Visual C++ omits the darndest things in its support for Windows/CE. Too bad memory tracking is one of those things.
Visual C++, under Windows 9x/NT, provides memory-tracking functions that are extremely useful to detect memory leaks when running an application in debug mode. MFC (Microsoft Foundation Classes) takes advantage of that implementation by dumping unfreed objects upon application termination. Those features, essential to developers to track memory leaks, are not implemented under Windows CE. (They were among those items deemed unnecessary in order to reduce the footprint.) This causes a real problem for developers, since Windows CE is typically used in memory-restricted environments, where memory leaks can truly exhaust system resources. This article presents a simple solution to track those leaks. The source code can be downloaded from CUJ's ftp site (see p. 3 for downloading instructions).

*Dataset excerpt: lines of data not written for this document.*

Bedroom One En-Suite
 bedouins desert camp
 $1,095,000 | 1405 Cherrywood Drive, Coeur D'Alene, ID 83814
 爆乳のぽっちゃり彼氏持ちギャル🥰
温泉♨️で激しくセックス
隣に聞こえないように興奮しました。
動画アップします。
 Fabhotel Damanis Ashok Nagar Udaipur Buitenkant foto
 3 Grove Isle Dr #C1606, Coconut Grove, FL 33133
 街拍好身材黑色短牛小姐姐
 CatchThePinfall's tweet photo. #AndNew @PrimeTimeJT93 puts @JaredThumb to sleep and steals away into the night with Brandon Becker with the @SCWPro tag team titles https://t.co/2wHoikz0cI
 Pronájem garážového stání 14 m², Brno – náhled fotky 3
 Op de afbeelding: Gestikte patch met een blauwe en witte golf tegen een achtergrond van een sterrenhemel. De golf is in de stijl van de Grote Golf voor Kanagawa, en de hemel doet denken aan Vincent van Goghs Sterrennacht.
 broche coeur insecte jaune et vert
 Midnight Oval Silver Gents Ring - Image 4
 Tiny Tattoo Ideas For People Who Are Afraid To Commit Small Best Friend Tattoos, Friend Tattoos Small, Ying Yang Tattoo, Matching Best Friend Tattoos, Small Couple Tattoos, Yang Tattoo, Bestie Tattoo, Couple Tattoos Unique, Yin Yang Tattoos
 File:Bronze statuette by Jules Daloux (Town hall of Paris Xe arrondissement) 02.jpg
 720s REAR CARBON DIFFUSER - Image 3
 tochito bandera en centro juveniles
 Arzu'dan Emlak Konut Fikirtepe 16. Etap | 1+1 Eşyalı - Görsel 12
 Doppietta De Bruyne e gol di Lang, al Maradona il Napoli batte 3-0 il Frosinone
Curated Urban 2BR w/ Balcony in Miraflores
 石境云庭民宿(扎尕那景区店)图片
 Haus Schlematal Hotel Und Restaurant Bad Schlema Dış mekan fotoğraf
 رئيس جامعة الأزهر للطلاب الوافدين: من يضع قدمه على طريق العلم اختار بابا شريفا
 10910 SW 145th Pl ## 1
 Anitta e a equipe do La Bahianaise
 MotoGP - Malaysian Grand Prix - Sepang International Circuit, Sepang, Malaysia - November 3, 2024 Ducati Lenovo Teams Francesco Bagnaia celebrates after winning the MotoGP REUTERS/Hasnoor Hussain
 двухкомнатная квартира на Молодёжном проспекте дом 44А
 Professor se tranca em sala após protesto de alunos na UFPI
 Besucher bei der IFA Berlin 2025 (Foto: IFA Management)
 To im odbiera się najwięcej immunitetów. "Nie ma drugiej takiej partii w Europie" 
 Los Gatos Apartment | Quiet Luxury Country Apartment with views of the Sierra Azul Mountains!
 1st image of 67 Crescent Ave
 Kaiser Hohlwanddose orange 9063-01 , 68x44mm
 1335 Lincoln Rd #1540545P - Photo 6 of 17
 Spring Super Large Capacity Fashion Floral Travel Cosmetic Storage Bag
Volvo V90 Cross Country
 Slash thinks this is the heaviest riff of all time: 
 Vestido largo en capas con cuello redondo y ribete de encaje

VC++ Memory Tracking Under 9x/NT
Visual C++'s C library includes special memory-allocation functions (_malloc_dbg and _free_dbg) that keep information about each allocated block, such as the filename and the line number where the allocation was done. I first explain how MFC takes advantage of those functions.
MFC (specifically, Afx.h, included via StdAfx.h, which is itself typically found in any MFC project) defines the DEBUG_NEW symbol as a call to a new-expression that takes two arguments [1]: THIS_FILE and __LINE__. This definition, in itself, does nothing, but consider that AppWizard always generates the following at the beginning of each source (.cpp) file:
#ifdef _DEBUG #define new DEBUG_NEW #undef THIS_FILE static char THIS_FILE[] = __FILE__; #endifIn debug mode, this translates a statement such as:
char * p = new char[10];into:
char * p = new(THIS_FILE, __LINE__) char[10];THIS__FILE and __LINE__ are two macros that the compiler automatically translates into the current filename and the current line number. Consequently, the previous statement could become:
char * p = new("E:\MyApp\MyApp.cpp", 41) char[10];This new-expression results in a call to an overloaded global operator new, which internally (in AfxMem.cpp) invokes _malloc_dbg, passing the filename and the line number. Upon program termination, the information passed to _malloc_dbg is dumped for every memory block that hasn't been released. For instance, the memory block allocated in the previous statement, if never released, results in the following dump in the Output window, in debug mode:
Detected memory leaks! Dumping objects -> E:\MyApp\MyApp.cpp(41) : {69} normal block at 0x00420030, 10 bytes long. Data: < > CD CD CD CD CD CD CD CD CD CD Object dump complete.Additionally, MFC redefines operator new and delete for its CObject object (the root class of the MFC hierarchy), to invoke _malloc_dbg and _free_dbg with special parameters. This gives MFC the ability to dump the object of a class. For instance, the following statement:
CWnd * pWnd = new CWnd;invokes CObject::operator new() and ultimately results in the following dump:
Detected memory leaks! Dumping objects -> E:\MyApp\MyApp.cpp(50) : {87} client block at 0x004210D0, subtype 0, 64 bytes long. a CWnd object at $004210D0, 64 bytes long Object dump complete.Note that in addition to the filename and line number, the class type (a CWnd here) is provided.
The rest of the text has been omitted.